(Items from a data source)

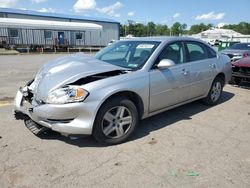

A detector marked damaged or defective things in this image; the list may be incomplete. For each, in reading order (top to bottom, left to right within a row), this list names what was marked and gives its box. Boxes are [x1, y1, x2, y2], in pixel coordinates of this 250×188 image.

broken front bumper [12, 86, 96, 136]
broken headlight [46, 85, 89, 104]
crumpled hood [31, 53, 124, 101]
damaged silver car [14, 37, 231, 145]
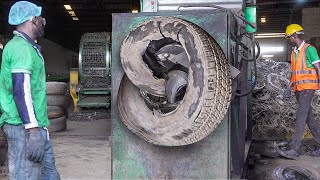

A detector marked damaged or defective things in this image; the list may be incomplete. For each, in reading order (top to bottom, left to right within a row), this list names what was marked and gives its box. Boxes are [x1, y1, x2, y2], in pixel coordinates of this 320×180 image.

rusty metal surface [111, 10, 234, 179]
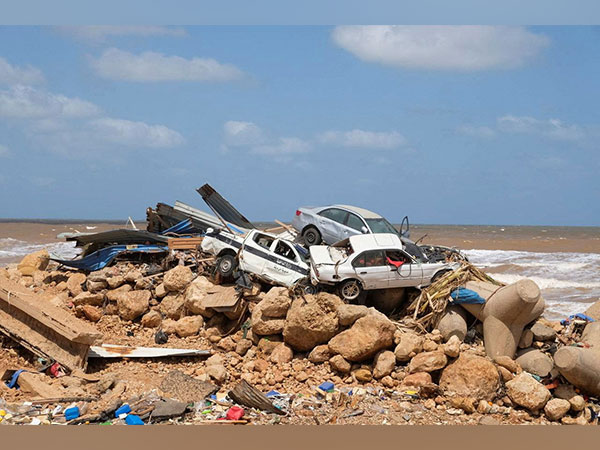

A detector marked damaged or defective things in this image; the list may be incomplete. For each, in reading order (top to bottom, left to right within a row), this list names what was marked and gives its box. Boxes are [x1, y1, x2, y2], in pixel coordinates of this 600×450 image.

damaged pickup truck [202, 229, 314, 292]
crushed white car [203, 227, 314, 290]
crushed white car [310, 232, 460, 302]
damaged pickup truck [308, 234, 462, 304]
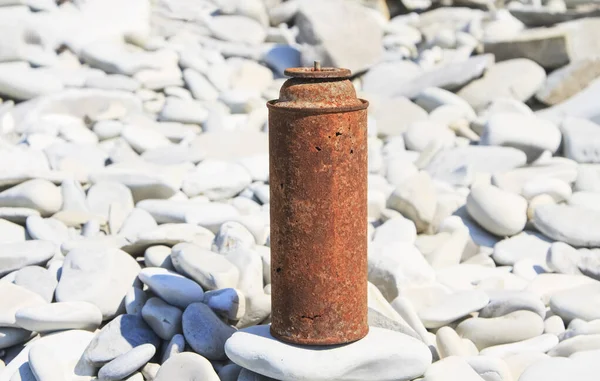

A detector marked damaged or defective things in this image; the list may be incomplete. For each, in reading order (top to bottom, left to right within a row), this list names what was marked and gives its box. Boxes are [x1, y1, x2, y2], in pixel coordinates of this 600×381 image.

corroded can lid [266, 61, 366, 112]
rusty metal canister [268, 61, 370, 344]
rusted spray can [268, 61, 370, 344]
rust stain on metal [268, 61, 370, 344]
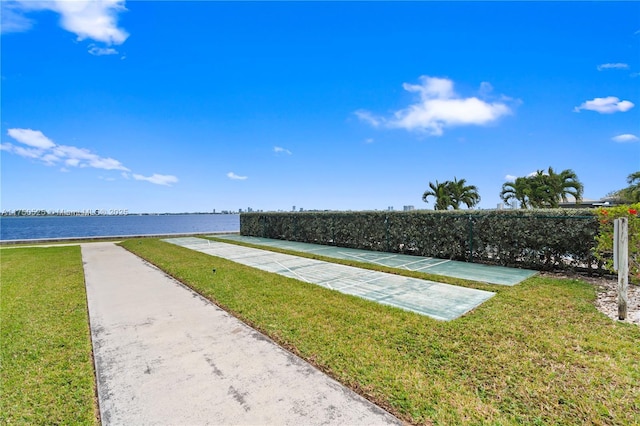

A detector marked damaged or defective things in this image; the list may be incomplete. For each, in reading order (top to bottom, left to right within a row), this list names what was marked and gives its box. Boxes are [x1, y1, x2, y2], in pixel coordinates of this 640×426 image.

cracked concrete path [80, 243, 400, 426]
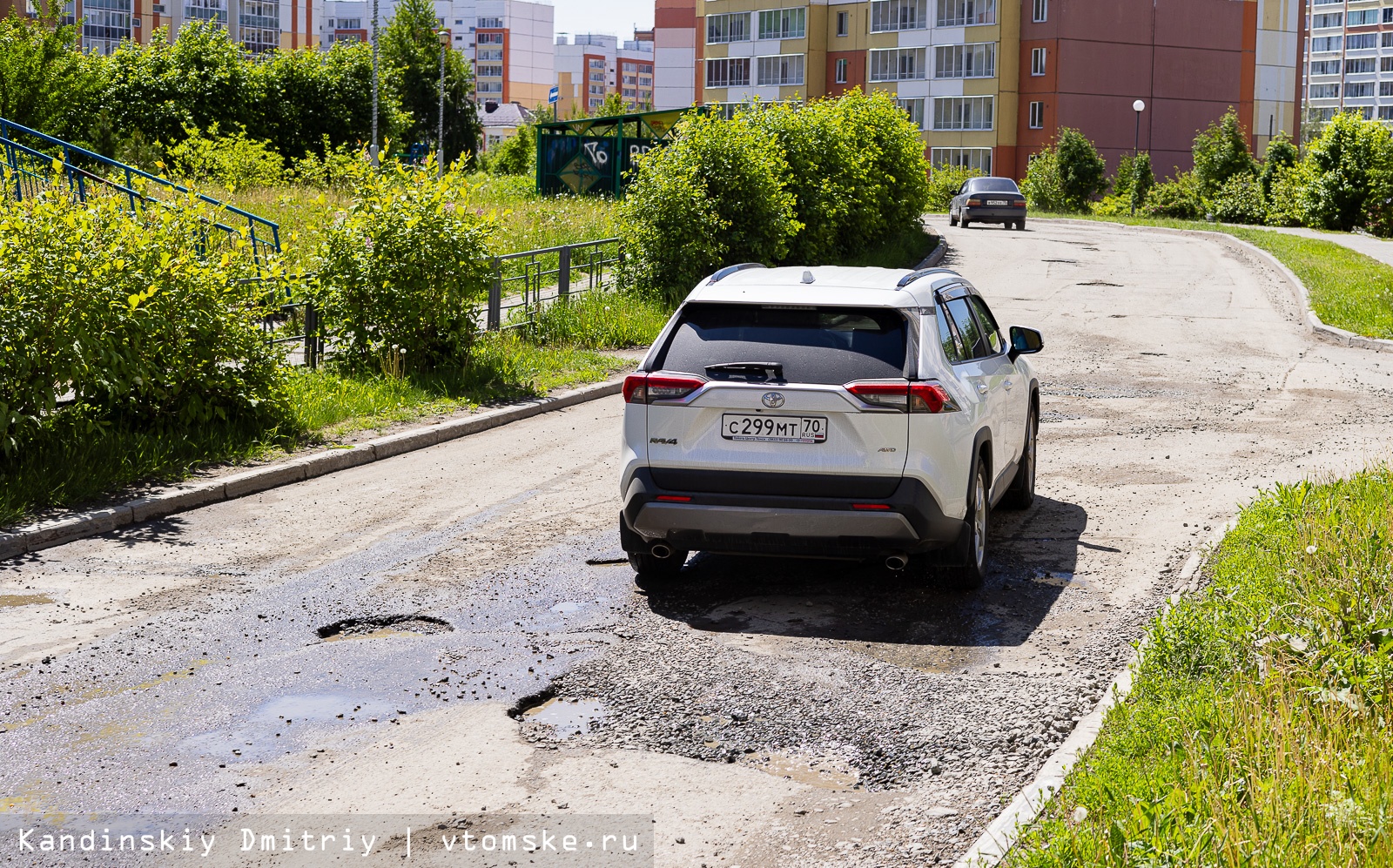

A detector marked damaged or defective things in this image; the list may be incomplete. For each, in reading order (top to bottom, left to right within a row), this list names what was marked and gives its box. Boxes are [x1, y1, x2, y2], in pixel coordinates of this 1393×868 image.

pothole [315, 613, 453, 641]
damaged asphalt road [3, 219, 1393, 867]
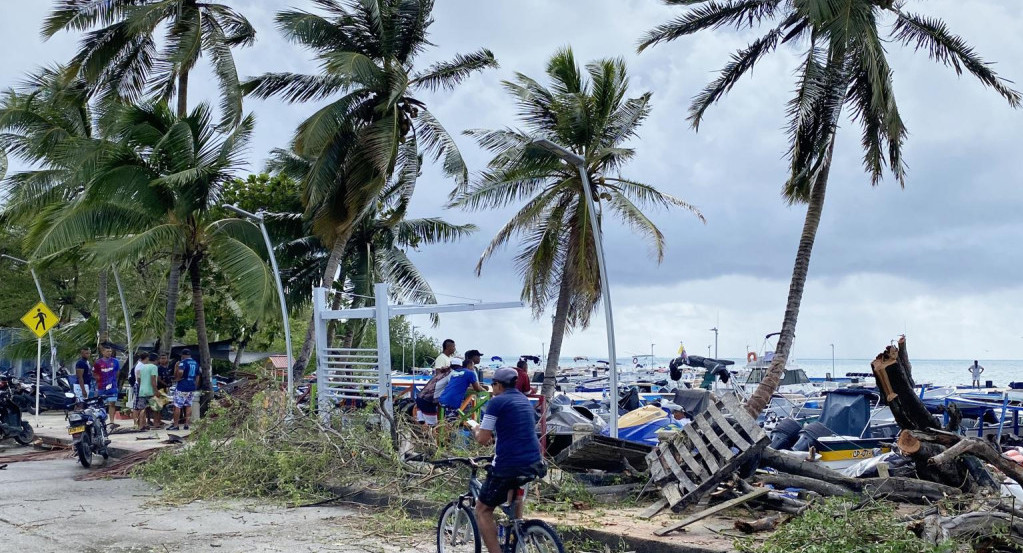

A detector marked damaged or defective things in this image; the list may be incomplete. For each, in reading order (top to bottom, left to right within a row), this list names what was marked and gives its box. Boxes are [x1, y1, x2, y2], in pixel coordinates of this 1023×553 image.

broken wooden plank [638, 498, 671, 519]
broken wooden plank [650, 486, 769, 535]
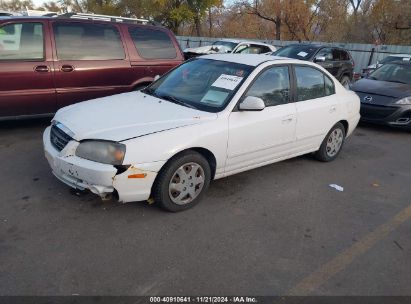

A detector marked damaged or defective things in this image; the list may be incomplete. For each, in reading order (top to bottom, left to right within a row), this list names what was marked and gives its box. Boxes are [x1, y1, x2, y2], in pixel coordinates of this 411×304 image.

damaged front bumper [42, 127, 164, 203]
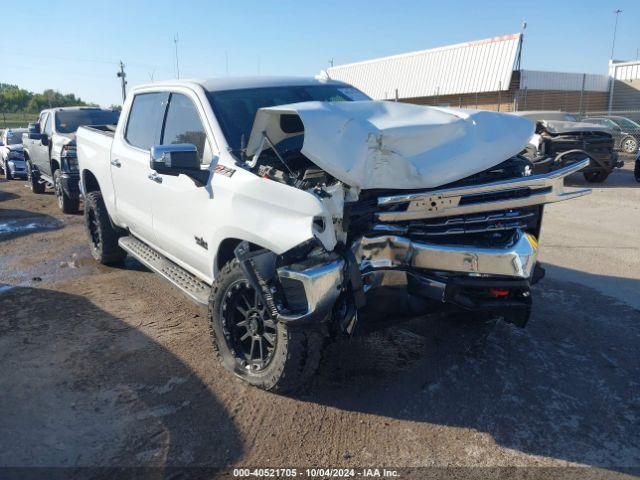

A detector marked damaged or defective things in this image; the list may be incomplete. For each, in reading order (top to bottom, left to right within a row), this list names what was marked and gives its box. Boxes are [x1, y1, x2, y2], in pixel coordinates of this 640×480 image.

crumpled hood [245, 101, 536, 189]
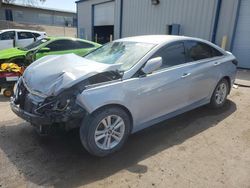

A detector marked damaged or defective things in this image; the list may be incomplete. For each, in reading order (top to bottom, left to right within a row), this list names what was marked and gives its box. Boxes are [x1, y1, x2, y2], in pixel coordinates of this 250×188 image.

damaged front end [10, 70, 122, 134]
crumpled hood [23, 53, 121, 96]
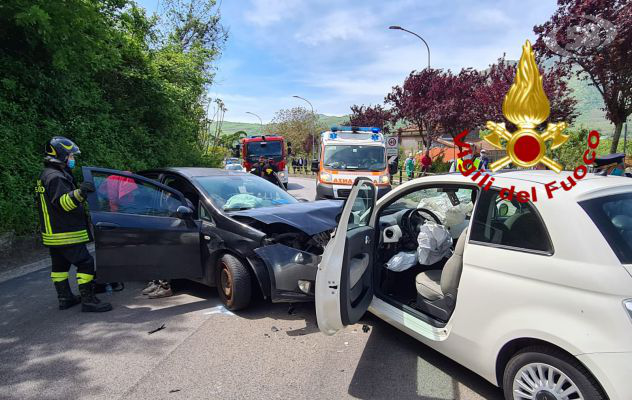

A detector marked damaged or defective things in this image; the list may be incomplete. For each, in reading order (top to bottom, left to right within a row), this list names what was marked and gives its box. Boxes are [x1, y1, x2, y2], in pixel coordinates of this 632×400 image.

damaged dark gray car [83, 166, 344, 310]
dark car's crushed hood [230, 199, 344, 234]
deployed airbag [418, 222, 452, 266]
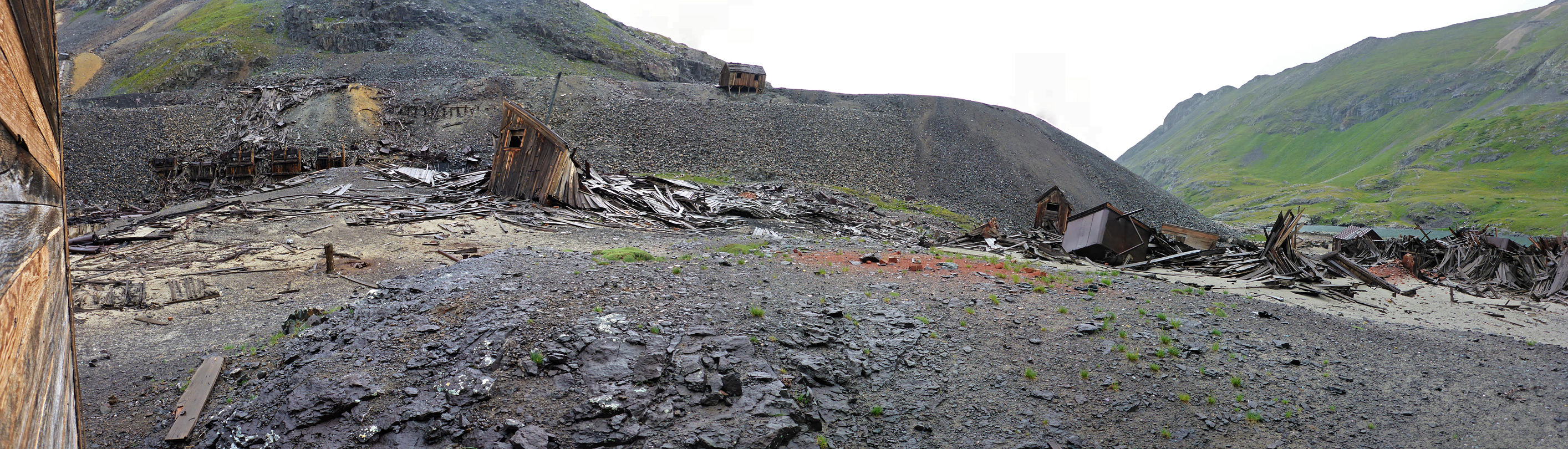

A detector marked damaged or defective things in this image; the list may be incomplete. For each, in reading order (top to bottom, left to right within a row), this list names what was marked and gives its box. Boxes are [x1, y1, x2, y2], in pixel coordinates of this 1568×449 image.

pile of splintered boards [104, 164, 934, 249]
broken timber plank [164, 356, 226, 440]
rusty metal sheet [164, 356, 226, 440]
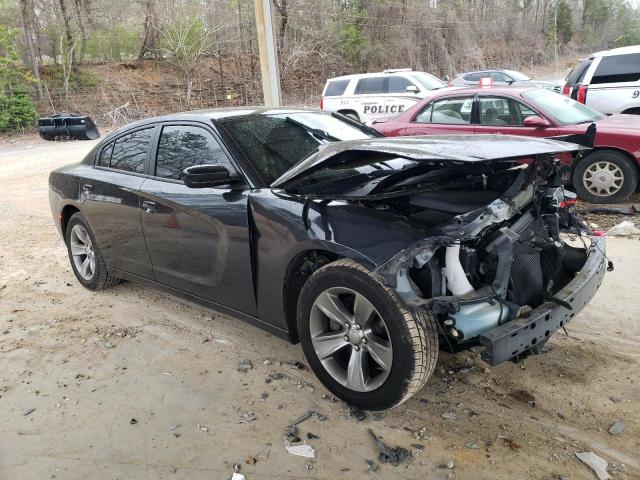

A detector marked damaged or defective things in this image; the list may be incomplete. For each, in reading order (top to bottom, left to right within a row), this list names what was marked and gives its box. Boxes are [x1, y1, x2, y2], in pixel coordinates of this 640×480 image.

damaged black sedan [48, 109, 604, 408]
crushed front end [376, 156, 604, 366]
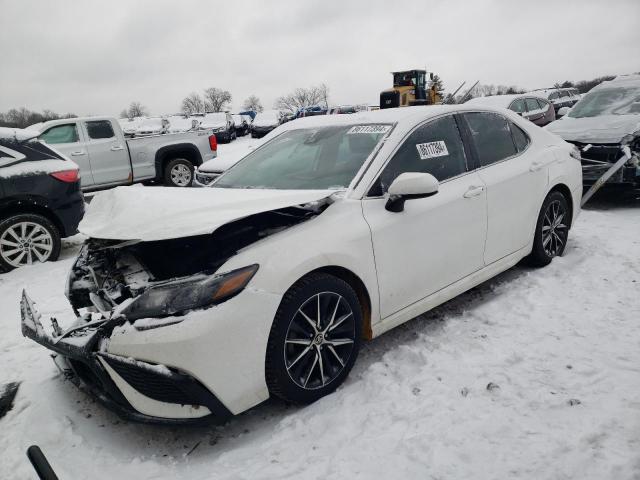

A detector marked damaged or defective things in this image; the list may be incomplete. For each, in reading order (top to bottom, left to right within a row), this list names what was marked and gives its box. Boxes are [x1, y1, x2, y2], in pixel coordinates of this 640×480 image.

crumpled hood [544, 115, 640, 143]
crumpled hood [79, 187, 336, 242]
damaged headlight [117, 264, 258, 320]
damaged white sedan [20, 106, 584, 424]
crushed front bumper [20, 290, 232, 426]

■ Aim of the task: From the first line to the last, retype the data exactly, without images.

■ Response to the task:
A detector marked damaged or defective things in this image; the list may be incomplete. For each, in reading order (top to bottom, left to right within a row), this list names what was marked and gives its box. Boxes are [x1, y1, x2, y2], in pixel coordinates of this 250×188 image.

broken front bumper [12, 86, 96, 136]
broken headlight [46, 85, 89, 104]
crumpled hood [31, 53, 124, 101]
damaged silver car [14, 37, 231, 145]

A detector marked damaged or defective things in this image; the list may be incomplete. For each, in reading order (top to bottom, left to right within a row), this list names what was marked and gives its box. Boxes are [x1, y1, x2, y2], in pixel coordinates of this 320×180 image.

rusty metal surface [111, 10, 234, 179]

A detector marked damaged or defective things in this image; the list may be incomplete. For each, in reading order (top to bottom, left to right within a row), this list names what was marked and gives its box. Boxes are [x1, y1, x2, y2], in pixel coordinates of this 600×450 image.

damaged pickup truck [202, 229, 314, 292]
crushed white car [203, 227, 314, 290]
crushed white car [310, 232, 460, 302]
damaged pickup truck [308, 234, 462, 304]

A detector marked damaged or defective things in this image; the list may be incomplete. For each, in reading order (top to bottom, left to right within a row), this list names what was marked and gives its box. Boxes are [x1, y1, x2, y2], in pixel coordinates of this 600×381 image.

corroded can lid [266, 61, 366, 112]
rusty metal canister [268, 61, 370, 344]
rusted spray can [268, 61, 370, 344]
rust stain on metal [268, 61, 370, 344]

A detector marked damaged or defective things in this image; the list may be incomplete. For each, in reading order (top to bottom, left to right within a row), this list names what was marked and gives its box. Boxes are [x1, y1, x2, y2], in pixel coordinates of this 640×426 image.

cracked concrete path [80, 243, 400, 426]

A detector marked damaged or defective things in this image; the list may be incomplete. For each, in reading order (top to bottom, left to right within a row), this list names what was marked and gives its box. Boxes are [x1, y1, x2, y2], in pixel coordinates of this 1393×868 image.

pothole [315, 613, 453, 641]
damaged asphalt road [3, 219, 1393, 867]

A detector marked damaged or defective things in this image; the list may be incomplete. For each, in reading order (top to bottom, left to right within a row), this list names what was marked and gives its box. Boxes are [x1, y1, x2, y2], in pixel coordinates of this 1023×553 image.

broken wooden plank [638, 498, 671, 519]
broken wooden plank [650, 486, 769, 535]

A detector marked damaged or defective things in this image; the list may be incomplete. For each, in reading order (top to bottom, left to right within a row), this list names what was marked and gives its box. Boxes are [x1, y1, x2, y2], in pixel coordinates of this 411×304 image.

damaged front bumper [42, 127, 164, 203]

A detector marked damaged or defective things in this image; the list may be incomplete. For each, in reading order (top to bottom, left to right within a row), this list names what was marked and gives its box. Boxes are [x1, y1, x2, y2], in pixel coordinates of this 640×480 image.

crumpled hood [245, 101, 536, 189]

A detector marked damaged or defective things in this image; the list may be incomplete. For each, in reading order (top to bottom, left to right within a row), this list names what was marked and gives its box. Boxes are [x1, y1, x2, y2], in pixel coordinates of this 250×188 image.

damaged front end [10, 70, 122, 134]
crumpled hood [23, 53, 121, 96]

A detector marked damaged or defective things in this image; the list may be incomplete. For each, in reading order (top to bottom, left to right within a row), this list names what was marked and gives its box. Boxes are [x1, y1, x2, y2], in pixel coordinates of this 632×400 image.

damaged dark gray car [83, 166, 344, 310]
dark car's crushed hood [230, 199, 344, 234]
deployed airbag [418, 222, 452, 266]

A detector marked damaged or defective things in this image; the list may be incomplete. For each, in reading order (top to bottom, left to right within a row), this list names what was marked and gives its box. Boxes are [x1, y1, x2, y2], in pixel coordinates of this 1568×449 image.

pile of splintered boards [104, 164, 934, 249]
broken timber plank [164, 356, 226, 440]
rusty metal sheet [164, 356, 226, 440]

A detector marked damaged or defective things in this image; the list may be incomplete. For each, in reading order (top to bottom, left to right within a row), this list names what was marked and gives its box. Boxes are [x1, y1, x2, y2], in pixel coordinates of this 640×480 image.

damaged black sedan [48, 109, 604, 408]
crushed front end [376, 156, 604, 366]

A detector marked damaged or defective things in this image; the list may be incomplete. For each, in reading order (top to bottom, left to right within a row), this list names what was marked and gives its box. Boxes are [x1, y1, x2, y2], in pixel coordinates of this 640×480 image.

crumpled hood [544, 115, 640, 143]
crumpled hood [79, 187, 336, 242]
damaged headlight [117, 264, 258, 320]
damaged white sedan [20, 106, 584, 424]
crushed front bumper [20, 290, 232, 426]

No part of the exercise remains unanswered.